* [WORK ORDER]: Keeping each word and mark in place, write out the full listing once more.

* [DATA SECTION]:
———
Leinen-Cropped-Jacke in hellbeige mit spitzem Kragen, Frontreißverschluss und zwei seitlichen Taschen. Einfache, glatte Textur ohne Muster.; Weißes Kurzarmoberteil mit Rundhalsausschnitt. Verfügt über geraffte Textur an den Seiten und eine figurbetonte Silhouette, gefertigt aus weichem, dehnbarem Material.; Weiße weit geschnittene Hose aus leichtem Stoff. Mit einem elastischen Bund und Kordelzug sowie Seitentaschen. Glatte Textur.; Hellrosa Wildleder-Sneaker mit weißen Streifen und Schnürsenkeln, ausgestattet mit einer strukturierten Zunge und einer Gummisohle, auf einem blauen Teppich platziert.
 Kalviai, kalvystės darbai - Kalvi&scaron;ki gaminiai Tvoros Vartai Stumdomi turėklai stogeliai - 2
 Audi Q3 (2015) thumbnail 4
———
* [RESPONSE TO THIS TASK]:
Leinen-Cropped-Jacke in hellbeige mit spitzem Kragen, Frontreißverschluss und zwei seitlichen Taschen. Einfache, glatte Textur ohne Muster.; Weißes Kurzarmoberteil mit Rundhalsausschnitt. Verfügt über geraffte Textur an den Seiten und eine figurbetonte Silhouette, gefertigt aus weichem, dehnbarem Material.; Weiße weit geschnittene Hose aus leichtem Stoff. Mit einem elastischen Bund und Kordelzug sowie Seitentaschen. Glatte Textur.; Hellrosa Wildleder-Sneaker mit weißen Streifen und Schnürsenkeln, ausgestattet mit einer strukturierten Zunge und einer Gummisohle, auf einem blauen Teppich platziert.
 Kalviai, kalvystės darbai - Kalvi&scaron;ki gaminiai Tvoros Vartai Stumdomi turėklai stogeliai - 2
 Audi Q3 (2015) thumbnail 4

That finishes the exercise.